2002年春季CCS特集:ベストシステムズ
国産CCS無償化へ、海外製品も戦列に加えて事業拡大
2002.06.20−ベストシステムズは、国産分子設計支援システム「MolWorks」を5月から無償で提供するとともに、新たに米キューケム社およぶ加ハイパーキューブ社と販売代理店契約を締結し、商品ラインアップを拡大。学識経験者らからなる技術サポート部隊を設けるなど、事業体制を整備した。

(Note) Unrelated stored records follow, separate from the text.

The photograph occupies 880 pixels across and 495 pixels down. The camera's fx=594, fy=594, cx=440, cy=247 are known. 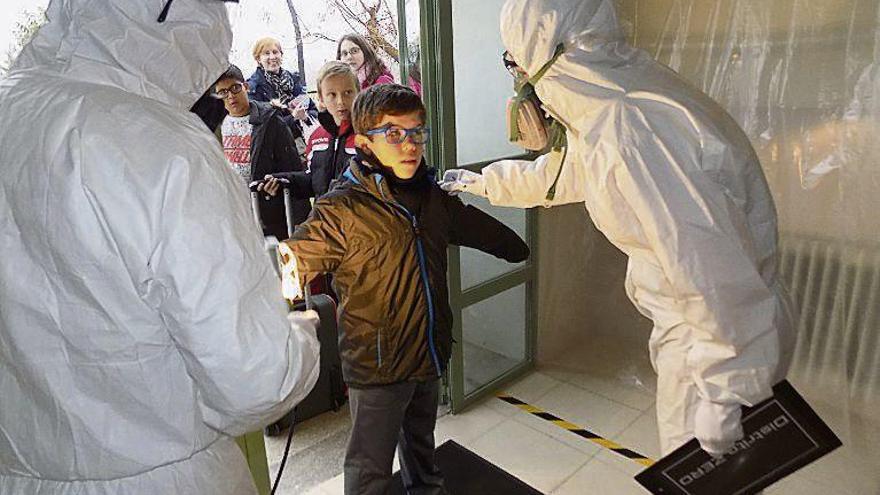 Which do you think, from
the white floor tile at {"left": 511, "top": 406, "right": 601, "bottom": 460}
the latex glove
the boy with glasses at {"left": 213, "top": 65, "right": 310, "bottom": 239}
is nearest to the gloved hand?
the latex glove

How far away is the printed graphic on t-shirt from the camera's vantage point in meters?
3.08

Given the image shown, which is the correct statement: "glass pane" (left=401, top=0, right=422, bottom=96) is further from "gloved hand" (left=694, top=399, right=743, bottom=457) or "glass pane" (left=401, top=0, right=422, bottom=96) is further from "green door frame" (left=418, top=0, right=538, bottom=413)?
"gloved hand" (left=694, top=399, right=743, bottom=457)

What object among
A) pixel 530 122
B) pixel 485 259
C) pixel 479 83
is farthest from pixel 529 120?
pixel 485 259

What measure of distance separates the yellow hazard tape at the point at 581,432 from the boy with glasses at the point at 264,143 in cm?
141

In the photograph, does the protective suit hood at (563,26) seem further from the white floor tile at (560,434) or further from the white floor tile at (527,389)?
the white floor tile at (527,389)

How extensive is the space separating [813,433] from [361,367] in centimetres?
117

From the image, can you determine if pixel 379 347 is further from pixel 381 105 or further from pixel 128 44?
pixel 128 44

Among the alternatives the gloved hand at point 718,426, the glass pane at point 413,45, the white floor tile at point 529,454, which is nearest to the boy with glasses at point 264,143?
the glass pane at point 413,45

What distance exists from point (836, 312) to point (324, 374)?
2063mm

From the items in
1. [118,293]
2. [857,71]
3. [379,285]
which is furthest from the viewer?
[857,71]

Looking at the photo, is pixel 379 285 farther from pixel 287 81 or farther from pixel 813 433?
pixel 287 81

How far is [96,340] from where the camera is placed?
0.95 metres

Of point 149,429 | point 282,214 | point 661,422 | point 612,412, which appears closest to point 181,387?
point 149,429

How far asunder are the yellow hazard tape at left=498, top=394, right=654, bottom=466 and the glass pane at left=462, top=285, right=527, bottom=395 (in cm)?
17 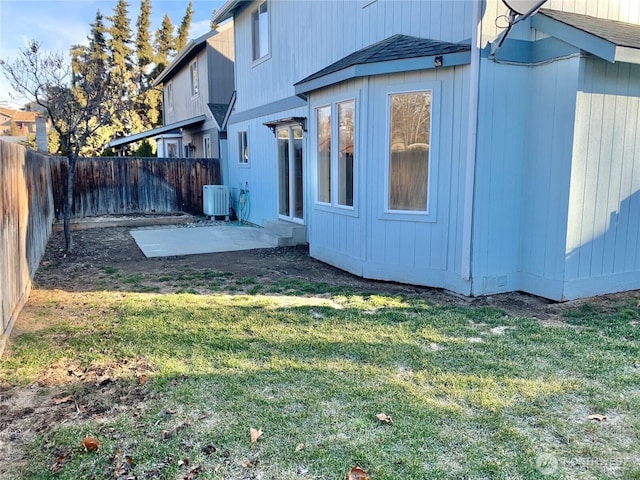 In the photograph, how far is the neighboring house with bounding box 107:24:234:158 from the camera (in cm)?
1591

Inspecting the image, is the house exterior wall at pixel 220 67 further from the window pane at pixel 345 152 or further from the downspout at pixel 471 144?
the downspout at pixel 471 144

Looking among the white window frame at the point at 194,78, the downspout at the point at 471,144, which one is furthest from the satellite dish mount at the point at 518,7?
the white window frame at the point at 194,78

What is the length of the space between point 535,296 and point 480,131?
215 centimetres

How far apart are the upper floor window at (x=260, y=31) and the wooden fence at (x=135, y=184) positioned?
4.48 metres

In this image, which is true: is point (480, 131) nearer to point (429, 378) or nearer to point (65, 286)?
point (429, 378)

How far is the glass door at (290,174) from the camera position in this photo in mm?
10312

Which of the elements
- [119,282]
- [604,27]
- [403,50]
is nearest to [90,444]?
[119,282]

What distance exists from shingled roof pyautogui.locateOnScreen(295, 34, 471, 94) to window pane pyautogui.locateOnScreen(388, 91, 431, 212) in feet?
1.60

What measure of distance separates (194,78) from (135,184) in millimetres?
5569

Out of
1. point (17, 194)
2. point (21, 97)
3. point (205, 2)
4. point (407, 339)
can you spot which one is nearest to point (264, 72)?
point (21, 97)

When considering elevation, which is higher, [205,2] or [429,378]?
[205,2]

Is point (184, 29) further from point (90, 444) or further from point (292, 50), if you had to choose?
point (90, 444)

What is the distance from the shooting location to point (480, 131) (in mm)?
5668

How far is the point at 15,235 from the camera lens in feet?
17.2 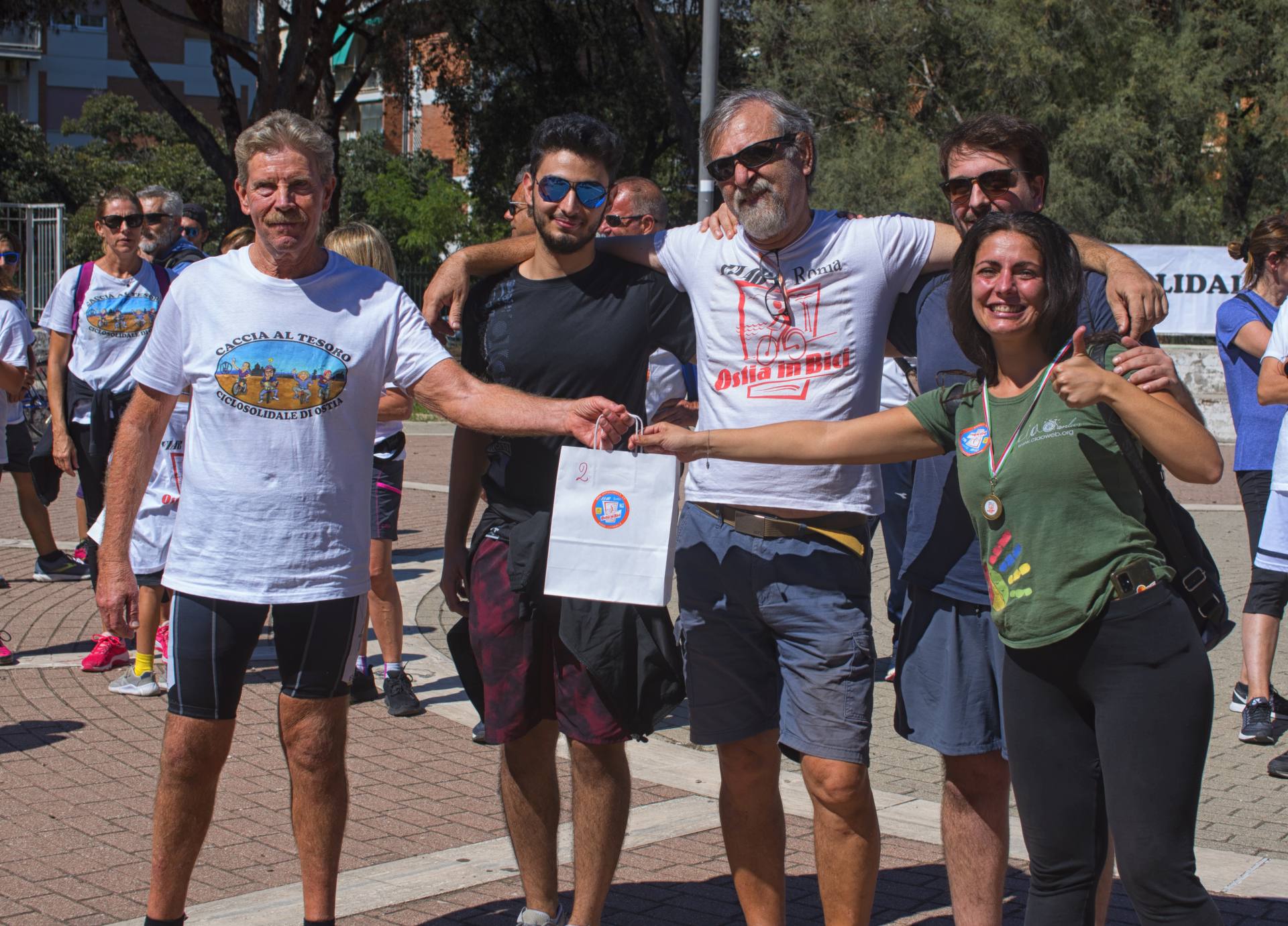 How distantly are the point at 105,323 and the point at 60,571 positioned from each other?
206 cm

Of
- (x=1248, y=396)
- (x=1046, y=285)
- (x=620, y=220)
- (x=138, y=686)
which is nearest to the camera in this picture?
(x=1046, y=285)

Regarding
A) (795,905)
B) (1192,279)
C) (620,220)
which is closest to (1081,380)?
(795,905)

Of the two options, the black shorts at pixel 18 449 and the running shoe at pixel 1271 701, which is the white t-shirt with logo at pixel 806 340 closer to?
the running shoe at pixel 1271 701

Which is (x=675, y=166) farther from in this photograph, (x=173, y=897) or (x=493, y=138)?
(x=173, y=897)

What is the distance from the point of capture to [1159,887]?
2912 millimetres

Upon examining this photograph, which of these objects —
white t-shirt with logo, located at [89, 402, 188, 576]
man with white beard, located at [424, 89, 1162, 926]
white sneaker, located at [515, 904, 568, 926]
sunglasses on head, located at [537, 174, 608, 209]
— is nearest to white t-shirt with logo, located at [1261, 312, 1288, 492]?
man with white beard, located at [424, 89, 1162, 926]

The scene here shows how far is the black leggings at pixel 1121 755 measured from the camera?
115 inches

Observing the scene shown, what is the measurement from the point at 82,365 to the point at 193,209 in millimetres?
2351

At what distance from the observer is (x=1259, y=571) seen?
610 centimetres

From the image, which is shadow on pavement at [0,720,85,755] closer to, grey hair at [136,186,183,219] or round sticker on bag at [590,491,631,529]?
round sticker on bag at [590,491,631,529]

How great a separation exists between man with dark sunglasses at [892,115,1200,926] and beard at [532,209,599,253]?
3.07 ft

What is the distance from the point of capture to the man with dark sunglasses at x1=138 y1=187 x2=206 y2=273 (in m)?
8.37

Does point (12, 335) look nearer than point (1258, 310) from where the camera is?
No

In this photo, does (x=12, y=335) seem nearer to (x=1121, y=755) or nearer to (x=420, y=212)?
(x=1121, y=755) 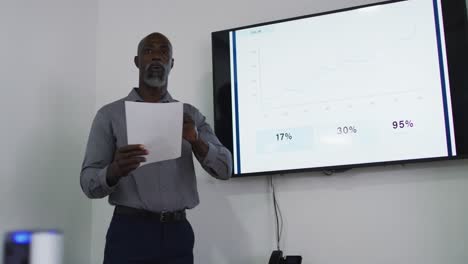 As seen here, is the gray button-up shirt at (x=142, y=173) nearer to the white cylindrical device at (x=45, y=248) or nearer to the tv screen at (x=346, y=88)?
the tv screen at (x=346, y=88)

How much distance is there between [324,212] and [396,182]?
0.35 meters

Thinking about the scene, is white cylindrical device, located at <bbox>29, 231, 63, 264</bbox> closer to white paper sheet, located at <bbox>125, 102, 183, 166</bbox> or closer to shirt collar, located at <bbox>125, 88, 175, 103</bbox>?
white paper sheet, located at <bbox>125, 102, 183, 166</bbox>

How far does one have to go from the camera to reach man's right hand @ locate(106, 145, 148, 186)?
137cm

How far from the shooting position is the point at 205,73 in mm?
2410

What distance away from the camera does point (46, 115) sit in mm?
2139

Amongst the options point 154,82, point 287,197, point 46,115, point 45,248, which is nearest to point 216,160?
point 154,82

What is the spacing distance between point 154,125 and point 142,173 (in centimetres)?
31

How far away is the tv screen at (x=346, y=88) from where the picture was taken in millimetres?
1889

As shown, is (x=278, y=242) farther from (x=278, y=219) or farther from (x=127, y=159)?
(x=127, y=159)

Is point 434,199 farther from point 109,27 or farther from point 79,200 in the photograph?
point 109,27

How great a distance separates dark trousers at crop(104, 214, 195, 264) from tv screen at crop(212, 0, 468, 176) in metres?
0.65

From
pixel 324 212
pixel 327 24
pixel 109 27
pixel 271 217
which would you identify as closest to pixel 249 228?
pixel 271 217

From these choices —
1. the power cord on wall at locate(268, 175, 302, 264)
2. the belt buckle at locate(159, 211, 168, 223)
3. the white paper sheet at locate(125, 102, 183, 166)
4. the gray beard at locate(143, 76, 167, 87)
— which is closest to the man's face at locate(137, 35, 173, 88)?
the gray beard at locate(143, 76, 167, 87)

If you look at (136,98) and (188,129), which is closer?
(188,129) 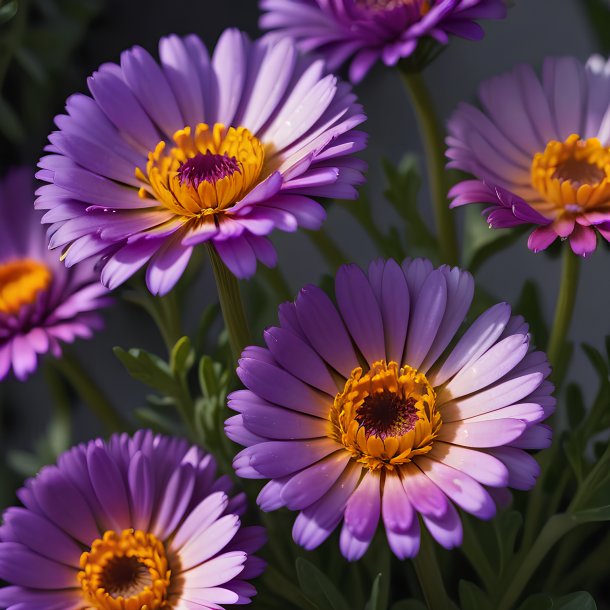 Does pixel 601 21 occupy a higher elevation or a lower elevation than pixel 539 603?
higher

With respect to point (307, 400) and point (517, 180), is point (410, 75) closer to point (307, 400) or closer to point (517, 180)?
point (517, 180)

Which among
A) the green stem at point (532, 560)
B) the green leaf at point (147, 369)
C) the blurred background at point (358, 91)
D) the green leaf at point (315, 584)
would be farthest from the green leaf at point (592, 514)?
the blurred background at point (358, 91)

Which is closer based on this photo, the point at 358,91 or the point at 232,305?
the point at 232,305

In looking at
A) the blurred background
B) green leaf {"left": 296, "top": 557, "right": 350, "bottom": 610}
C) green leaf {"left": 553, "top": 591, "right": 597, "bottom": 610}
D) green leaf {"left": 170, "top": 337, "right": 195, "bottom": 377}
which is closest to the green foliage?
green leaf {"left": 553, "top": 591, "right": 597, "bottom": 610}

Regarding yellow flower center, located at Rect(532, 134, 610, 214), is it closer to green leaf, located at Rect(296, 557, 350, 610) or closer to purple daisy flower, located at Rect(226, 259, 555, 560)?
purple daisy flower, located at Rect(226, 259, 555, 560)

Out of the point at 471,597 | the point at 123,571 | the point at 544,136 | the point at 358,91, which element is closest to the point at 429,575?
the point at 471,597

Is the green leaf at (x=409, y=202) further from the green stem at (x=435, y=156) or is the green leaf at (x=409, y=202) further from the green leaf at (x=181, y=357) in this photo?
the green leaf at (x=181, y=357)

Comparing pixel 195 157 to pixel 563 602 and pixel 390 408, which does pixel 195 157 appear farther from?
pixel 563 602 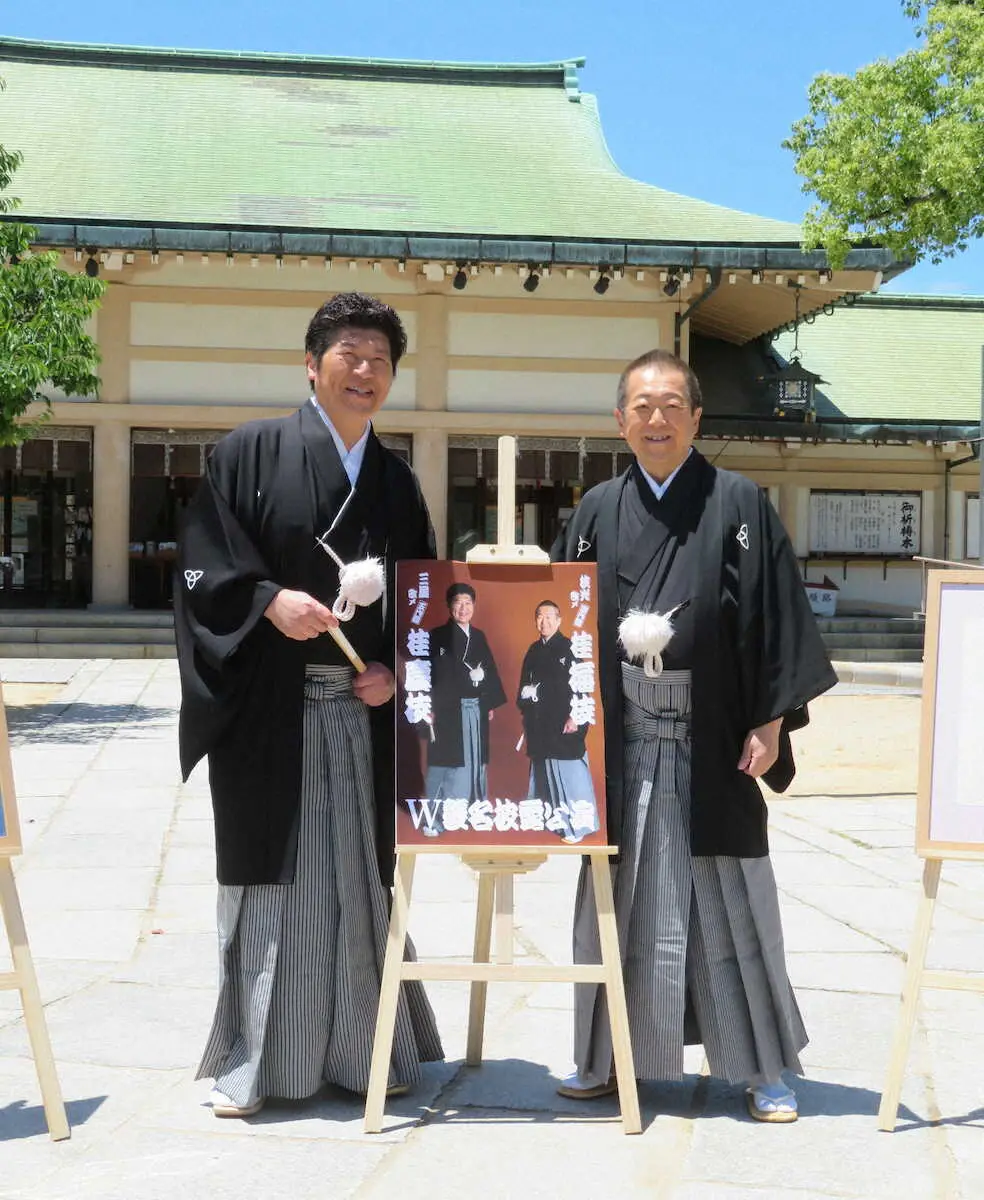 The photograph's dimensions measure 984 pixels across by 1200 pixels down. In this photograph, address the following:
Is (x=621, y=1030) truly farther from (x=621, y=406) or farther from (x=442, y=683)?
(x=621, y=406)

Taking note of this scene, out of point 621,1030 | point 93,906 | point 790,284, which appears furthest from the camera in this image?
point 790,284

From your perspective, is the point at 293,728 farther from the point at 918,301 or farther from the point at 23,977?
the point at 918,301

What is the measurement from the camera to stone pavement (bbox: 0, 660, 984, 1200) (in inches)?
101

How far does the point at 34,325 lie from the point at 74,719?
2.72m

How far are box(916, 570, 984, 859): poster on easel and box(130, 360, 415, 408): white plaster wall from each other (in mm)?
11970

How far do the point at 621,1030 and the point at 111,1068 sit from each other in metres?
1.20

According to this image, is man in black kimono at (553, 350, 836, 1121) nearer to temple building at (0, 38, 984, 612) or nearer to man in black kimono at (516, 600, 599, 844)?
man in black kimono at (516, 600, 599, 844)

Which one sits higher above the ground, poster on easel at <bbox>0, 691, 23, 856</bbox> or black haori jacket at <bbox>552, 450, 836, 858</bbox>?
black haori jacket at <bbox>552, 450, 836, 858</bbox>

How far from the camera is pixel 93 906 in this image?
4691 mm

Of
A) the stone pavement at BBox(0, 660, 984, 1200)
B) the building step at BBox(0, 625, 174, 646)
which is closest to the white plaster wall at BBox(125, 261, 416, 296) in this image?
the building step at BBox(0, 625, 174, 646)

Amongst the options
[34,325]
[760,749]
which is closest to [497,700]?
[760,749]

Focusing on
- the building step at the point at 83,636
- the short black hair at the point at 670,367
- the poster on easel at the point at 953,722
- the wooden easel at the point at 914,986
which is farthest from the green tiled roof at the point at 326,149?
the wooden easel at the point at 914,986

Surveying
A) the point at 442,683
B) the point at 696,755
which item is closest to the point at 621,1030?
the point at 696,755

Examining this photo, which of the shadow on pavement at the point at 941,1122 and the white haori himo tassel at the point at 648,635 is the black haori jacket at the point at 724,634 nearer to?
the white haori himo tassel at the point at 648,635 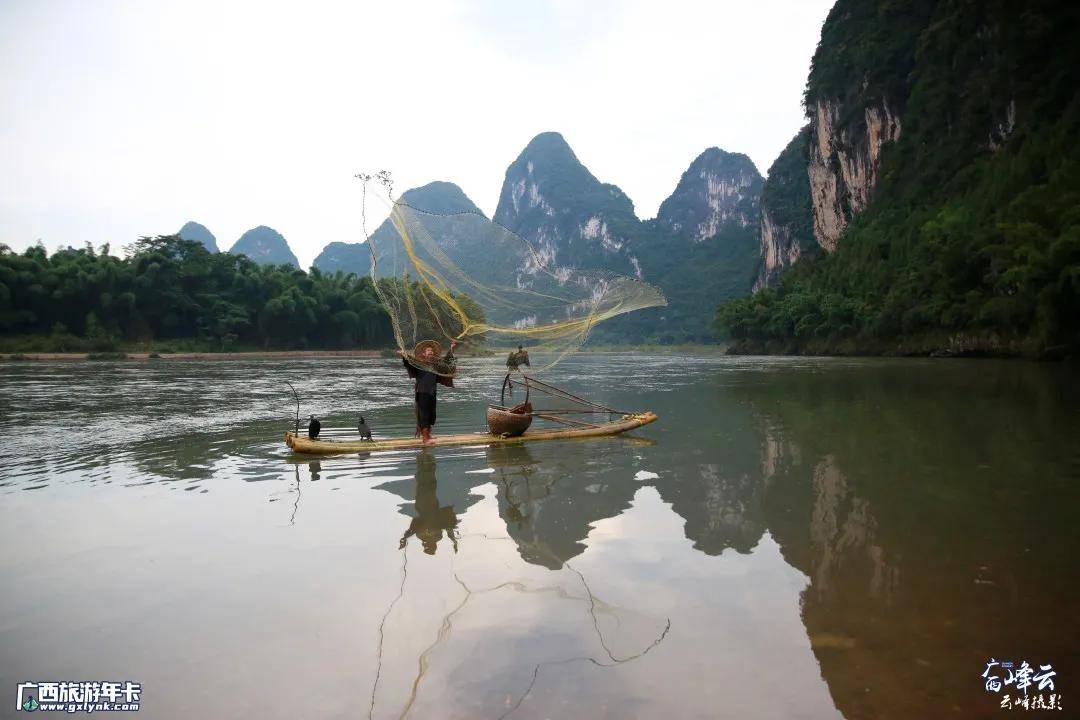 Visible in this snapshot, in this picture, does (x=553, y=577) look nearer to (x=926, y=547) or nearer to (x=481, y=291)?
(x=926, y=547)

MolWorksは、パーソナル型のCCSとして一通りの機能を備えており、国産CCSの振興という目的もあって1万5,000円(アカデミック1万円)という低価格で販売を行ってきた。5月にリリースした最新バージョン1.7から完全に無料とすることにより、ユーザーの底辺をさらに広げ、今後の開発への要望やヒントを得たい考え。逆に技術サポートを有償化し、ソフトを使いこなしてもらえるように十分な支援を行っていく。
また、新しく販売権を得たのは非経験的分子軌道法ソフト「Q-Chem」と、パソコン版の汎用分子モデリングソフト「HyperChem」の2種類。ともに、昨年までKGTが販売していたソフトで、既存ユーザーも含めて同社が引き継ぐ形となった。新しいプラットホームへの移植などの作業も同社で担当するなど、開発元とのさらに密接な関係を築いていく計画である。日本国内だけでなく、アジア市場全体を見据えた活動を志向する。
一方、同社の主力事業はPCクラスターの構築であり、CCS分野においてもユーザープログラムのクラスター対応などの要望に応えられる体制を組んでいる。話題になりはじめているグリッドコンピューティングに関する技術も蓄積してきている。専門会社のグリッド総合研究所も設立しており、MolWorksのバージョン2はグリッド対応にするとの計画も進んでいるという。